§ **Provided records**:
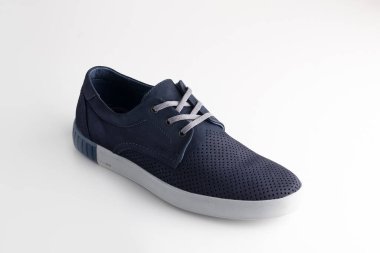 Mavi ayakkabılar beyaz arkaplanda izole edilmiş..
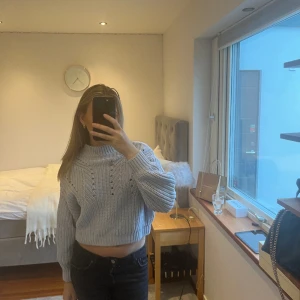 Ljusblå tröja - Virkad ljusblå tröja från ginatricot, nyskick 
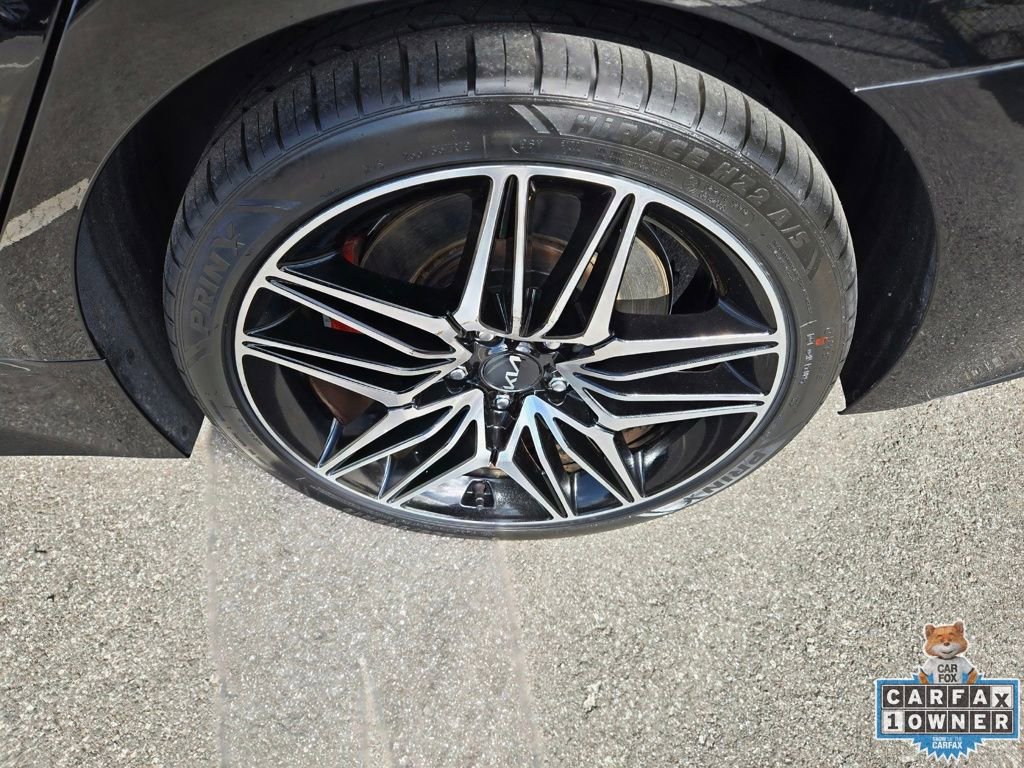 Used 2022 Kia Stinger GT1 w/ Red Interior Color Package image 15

...

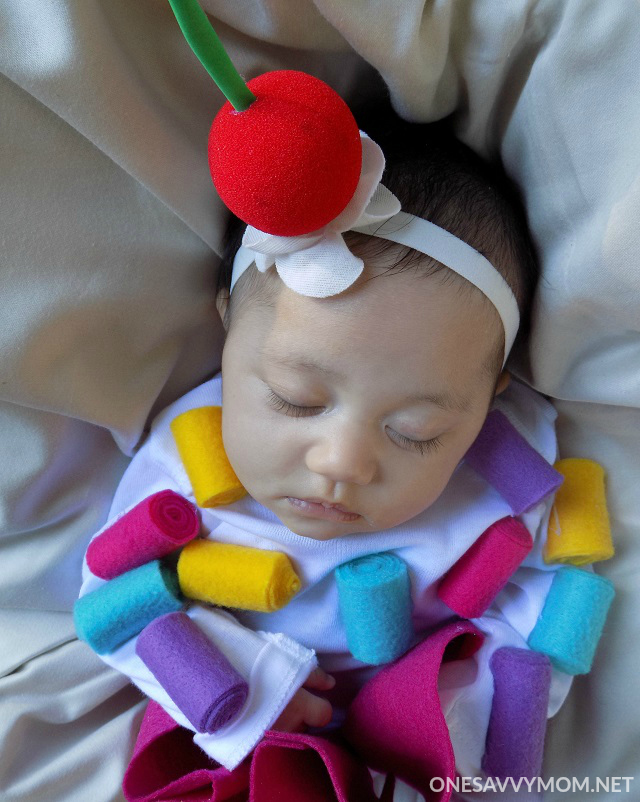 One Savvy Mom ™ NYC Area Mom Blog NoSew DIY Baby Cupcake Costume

§ **What to work on**:
Everything above from the line that has "Ljusblå tröja - Virkad" down to the line that has "Used 2022 Kia" should be output exactly, with both of those lines included. Leave the pictures behind.

§ **Response to the exercise**:
 Ljusblå tröja - Virkad ljusblå tröja från ginatricot, nyskick 
 Used 2022 Kia Stinger GT1 w/ Red Interior Color Package image 15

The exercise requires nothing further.